Barichara is not a place with a long checklist, and that is fine. The town rewards a slower pace. Still, a few things are worth your time.

Walk the Camino Real to Guane. This is the signature outing. The path is about 5.5 kilometers of original stone, mostly downhill, and takes around two hours one way. Guane is smaller and sleepier than Barichara, with a little museum known for its fossils and Guane artifacts. Most people walk down and catch a short bus back rather than climbing the same path in the midday heat.

Visit the artisan workshops. Barichara has a real craft tradition, not a souvenir-stand version of one. You can watch makers produce handmade paper, pottery, stone carving, and textiles, and the town is home to a respected stone-carving school. If you can, buy something directly from a workshop.

Find a viewpoint. Several miradors around the edges of town look out over the Suárez River canyon and the dry, folded hills around it. Late afternoon is the time to go.

Do very little. This is a legitimate plan in Barichara. Order a coffee on the main plaza, sit under the trees, and watch the town go about its day. Few places in Colombia make doing nothing feel this worthwhile.

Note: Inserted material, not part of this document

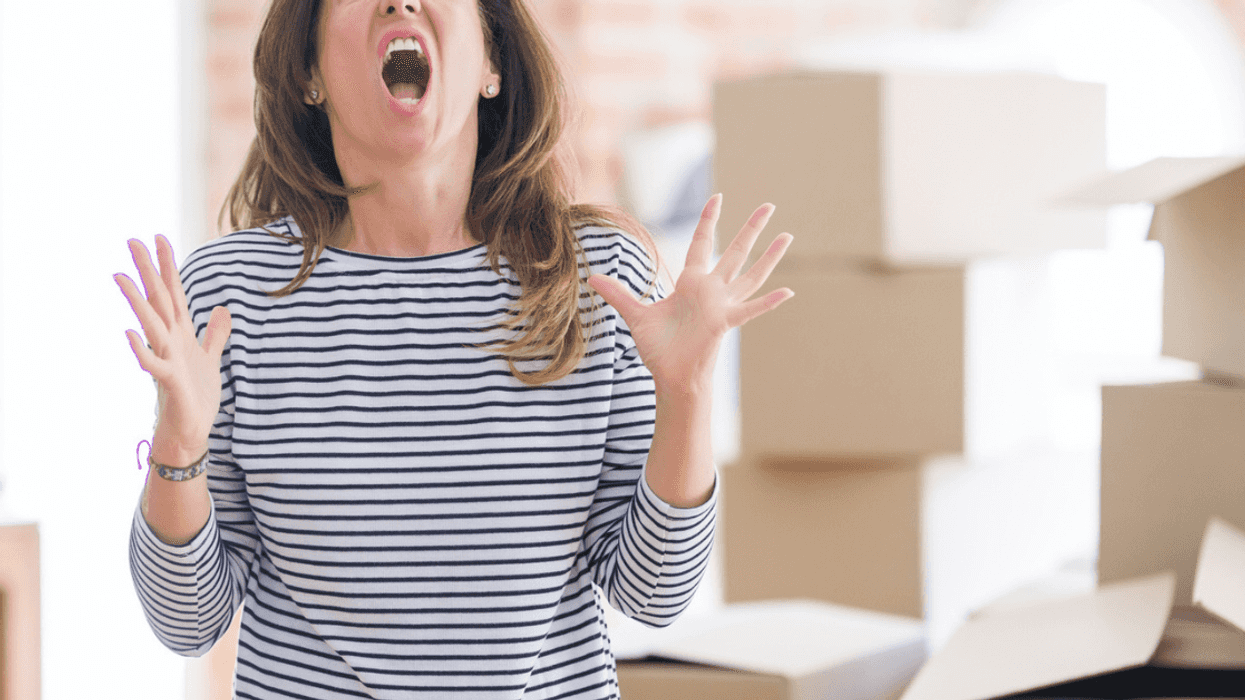 Angry woman with moving boxes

A Taste of Santander Cuisine

Santander has one of Colombia’s most distinctive regional kitchens, and Barichara is a good place to try it. A few things to look for:

Arepa santandereana. The local version of the arepa, made with peeled corn (maíz pelao) and usually a little richer than the arepas you find elsewhere in the country.

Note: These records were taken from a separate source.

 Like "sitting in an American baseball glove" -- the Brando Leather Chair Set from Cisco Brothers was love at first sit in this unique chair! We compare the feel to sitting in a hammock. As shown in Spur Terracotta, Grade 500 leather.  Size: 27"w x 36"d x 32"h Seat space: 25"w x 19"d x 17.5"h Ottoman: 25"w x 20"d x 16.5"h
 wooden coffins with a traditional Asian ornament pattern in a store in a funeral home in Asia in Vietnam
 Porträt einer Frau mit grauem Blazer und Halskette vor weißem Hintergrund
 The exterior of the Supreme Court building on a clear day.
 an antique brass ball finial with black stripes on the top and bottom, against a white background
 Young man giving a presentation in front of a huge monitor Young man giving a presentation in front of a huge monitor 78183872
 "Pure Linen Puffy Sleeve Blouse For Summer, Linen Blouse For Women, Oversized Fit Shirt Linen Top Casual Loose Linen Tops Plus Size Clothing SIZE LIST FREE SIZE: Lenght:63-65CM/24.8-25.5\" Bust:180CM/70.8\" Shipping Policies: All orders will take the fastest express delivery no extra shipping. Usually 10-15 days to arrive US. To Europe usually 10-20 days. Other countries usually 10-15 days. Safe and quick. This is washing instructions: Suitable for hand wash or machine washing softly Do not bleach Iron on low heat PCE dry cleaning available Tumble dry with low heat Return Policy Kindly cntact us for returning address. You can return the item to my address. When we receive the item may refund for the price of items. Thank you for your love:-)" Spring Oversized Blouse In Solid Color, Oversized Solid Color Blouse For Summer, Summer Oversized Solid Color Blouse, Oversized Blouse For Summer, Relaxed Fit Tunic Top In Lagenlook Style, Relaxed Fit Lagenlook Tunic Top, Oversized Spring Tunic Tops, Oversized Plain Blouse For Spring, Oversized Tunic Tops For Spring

Cabro con pepitoria. Roast goat served with pepitoria, a hearty side of rice cooked with the goat’s blood and giblets. It sounds intense and it tastes deeply savory. Santandereanos consider it the regional signature dish.

Hormigas culonas. The famous “big-bottomed ants,” toasted and eaten by the handful like nuts. They are seasonal, harvested mostly around the rainy months in spring, and yes, you should try them at least once. They taste salty and nutty, closer to a toasted seed than to anything you might be bracing for.